- _Task details_
Leave the pictures out and restate each entry below word for word.

- _Task inputs_
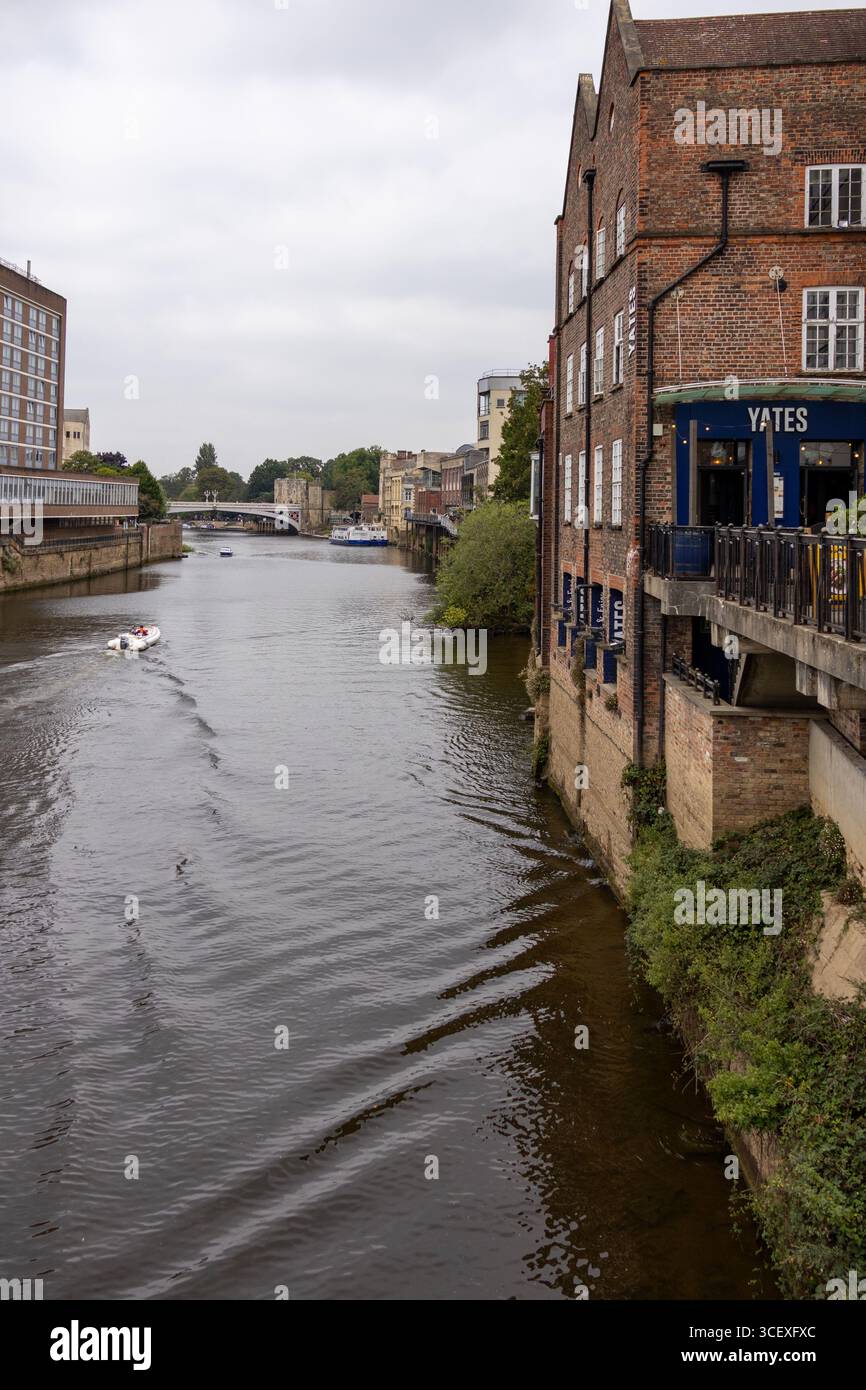 Rivière de la ville bordée de bâtiments et d'appartements en briques, avec des cygnes nageant sur l'eau sous un ciel nuageux Banque D'Images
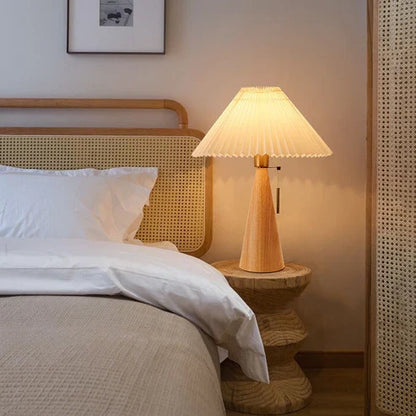 Wooden pleated table lamp beside a bed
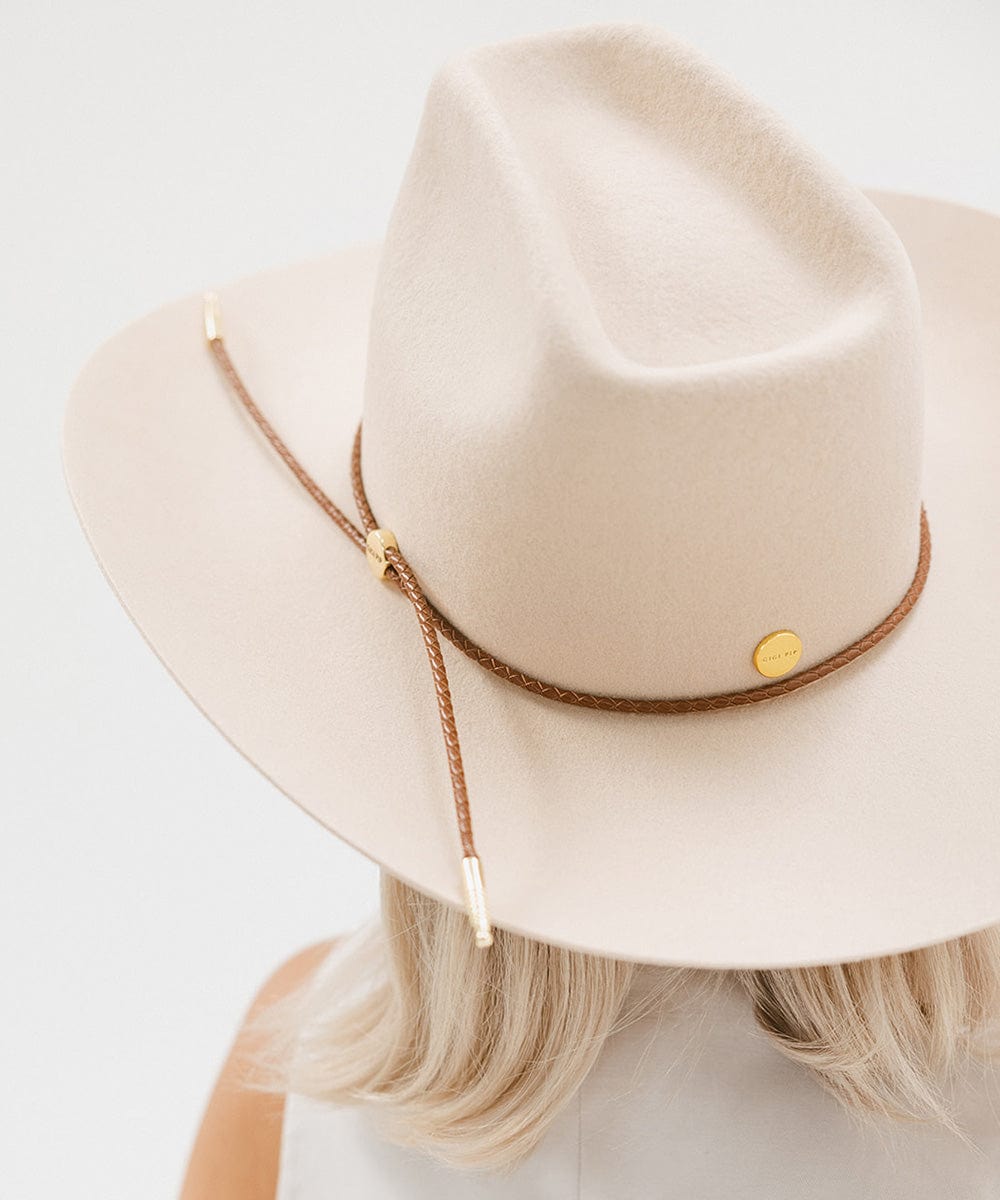 Person wearing a cream cowboy hat with a stiff, traditional wide western brim and a brick top style crown along with a brown hat band against a plain background #color_cream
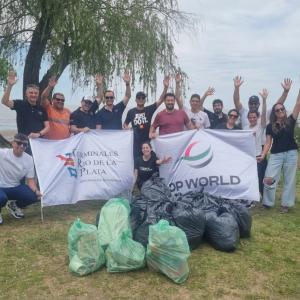 DP World team members in Argentina participate in a beach clean-up, standing behind collected waste and holding DP World and Terminales Río de la Plata banners.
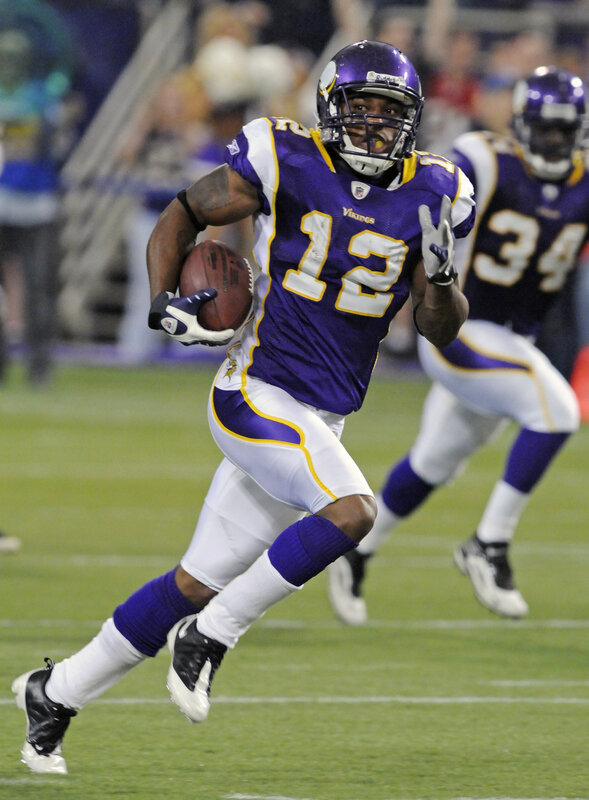 Vikings player running with ball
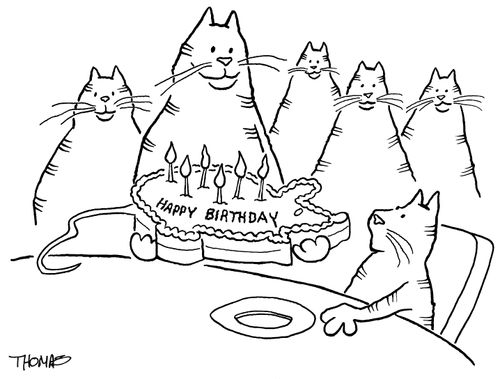 Cat receives mouse-shaped birthday cake.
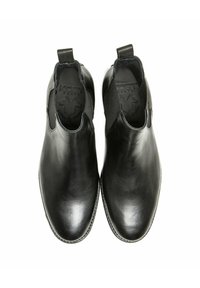 Une paire de bottes Chelsea en cuir noir à enfiler, avec des panneaux élastiques sur les côtés et des languettes de tirage, vues de dessus sur un fond blanc.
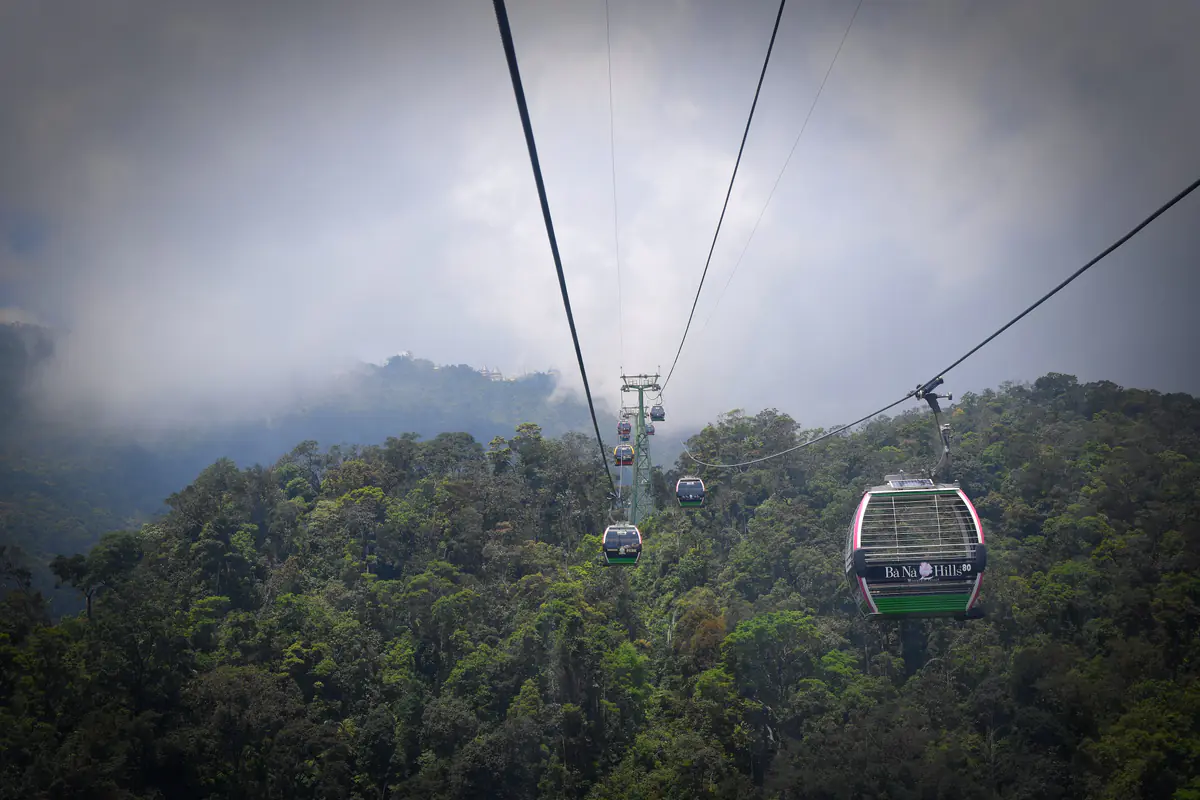 Cabin cáp treo Bà Nà Hills treo trên dây cáp băng qua rừng rậm, phía trước là trụ cáp và đỉnh núi chìm trong mây xám, khoảng 10 giờ sáng tháng 5/2017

- _Expected output_
 Rivière de la ville bordée de bâtiments et d'appartements en briques, avec des cygnes nageant sur l'eau sous un ciel nuageux Banque D'Images
 Wooden pleated table lamp beside a bed
 Person wearing a cream cowboy hat with a stiff, traditional wide western brim and a brick top style crown along with a brown hat band against a plain background #color_cream
 DP World team members in Argentina participate in a beach clean-up, standing behind collected waste and holding DP World and Terminales Río de la Plata banners.
 Vikings player running with ball
 Cat receives mouse-shaped birthday cake.
 Une paire de bottes Chelsea en cuir noir à enfiler, avec des panneaux élastiques sur les côtés et des languettes de tirage, vues de dessus sur un fond blanc.
 Cabin cáp treo Bà Nà Hills treo trên dây cáp băng qua rừng rậm, phía trước là trụ cáp và đỉnh núi chìm trong mây xám, khoảng 10 giờ sáng tháng 5/2017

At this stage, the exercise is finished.